*SOURCE MATERIAL*:
———

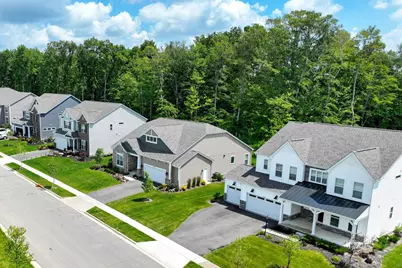 545 Fadley Loop E, Delaware, OH 43015 - Photo 8
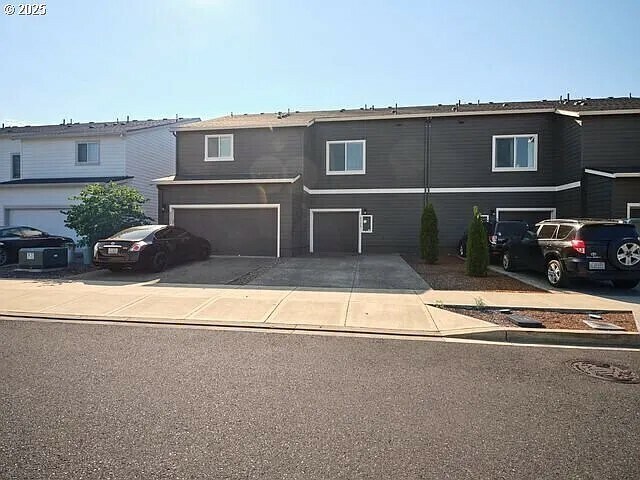 Foto del edificio - 2135 NE 4 Seasons Ln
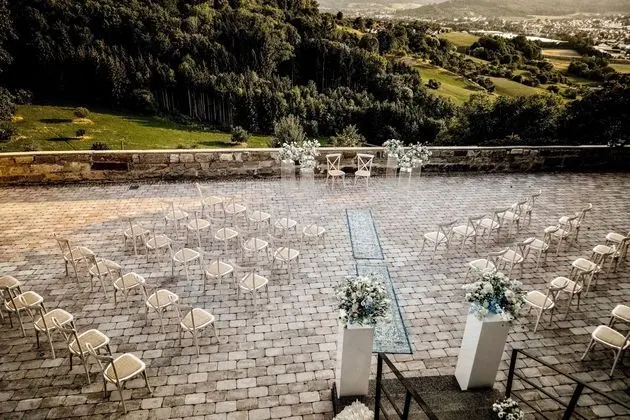 Hotel Garni BURG WALDENSTEIN - Dış Mekan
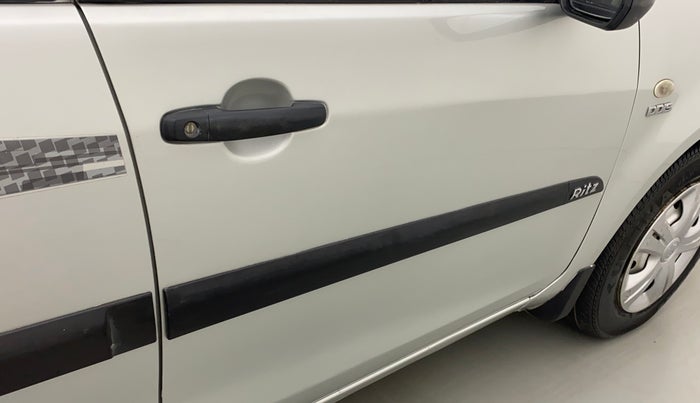 2011 Maruti Ritz LDI, Diesel, Manual, 1,25,001 km, Right rear door - Graphic sticker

———

*ABOUT THIS TASK*:
Leave out the pictures and print every line of the data exactly.

*TASK ANSWER*:
 545 Fadley Loop E, Delaware, OH 43015 - Photo 8
 Foto del edificio - 2135 NE 4 Seasons Ln
 Hotel Garni BURG WALDENSTEIN - Dış Mekan
 2011 Maruti Ritz LDI, Diesel, Manual, 1,25,001 km, Right rear door - Graphic sticker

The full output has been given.